Raster graphics editor

Corel Painter Essentials is a home software studio for turning photographs into paintings. Corel Painter Essentials is now in its 7th incarnation.

==Features==

===Workspaces===
Painter Essentials provides two workspaces that can be switched between at any time.

The Drawing and Painting workspace is used for doodling, sketching or painting from scratch.

The Photo Painting workspace is used for creating a painting from a photograph. In this workspace, a variety of styles of paintings can be created from a photo in a single click.

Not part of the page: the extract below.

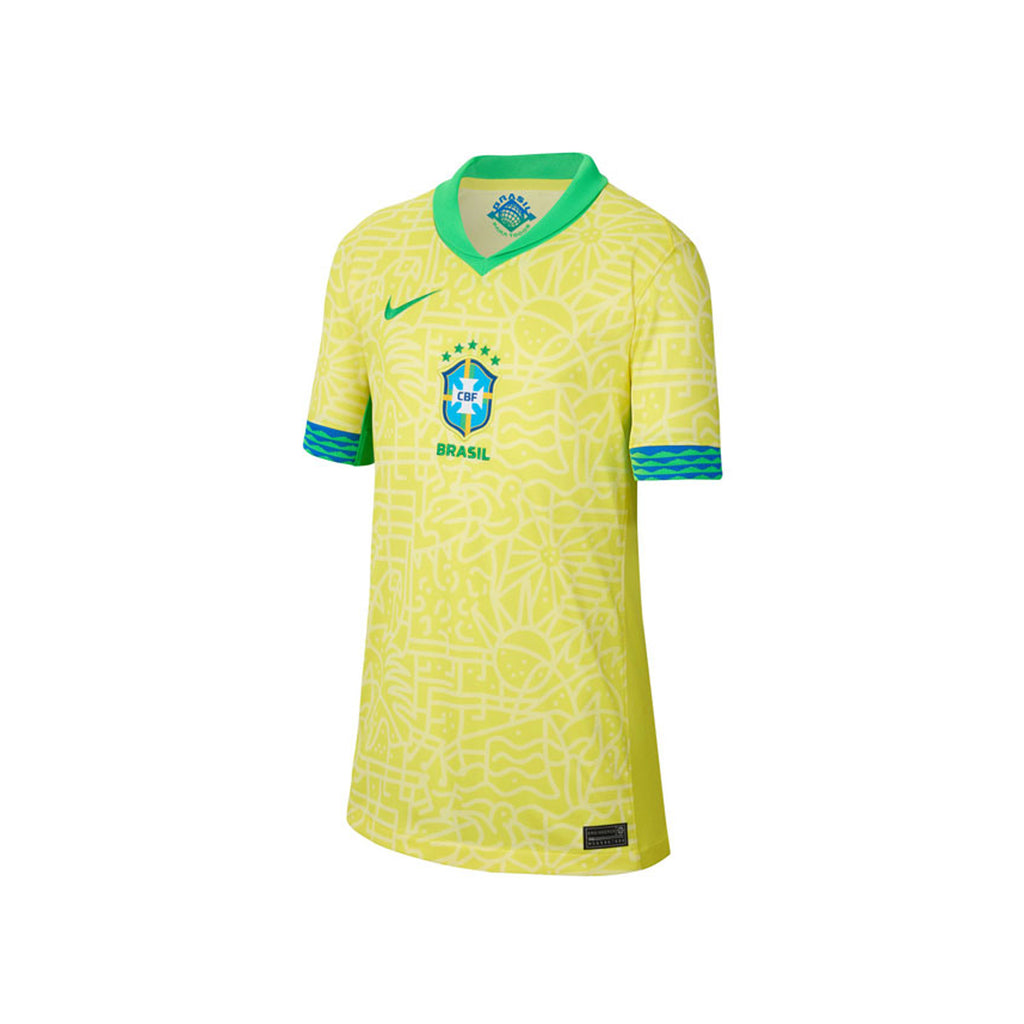 Brazil Big Kids Copa 2024 Stadium SS Home Jersey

Alternatively, one can paint by hand with the program automatically choosing colors from the corresponding location in the original photo.

===Tools===
Painter Essentials provides a variety of brushes and media including oil, acrylic, watercolor, gouache, and ink wash paints, together with pencils, pens, charcoal, pastels, chalks and a variety of blenders. A variety of paper textures or canvases can be chosen for use in conjunction with any of these media.

Color can be selected from a set of traditional paint colors, adjusted by hue/saturation/value, or mixed in the mixer palette that mimics a traditional painter's palette.

The page can be freely rotated while drawing or painting, as one would do when using a traditional piece of paper.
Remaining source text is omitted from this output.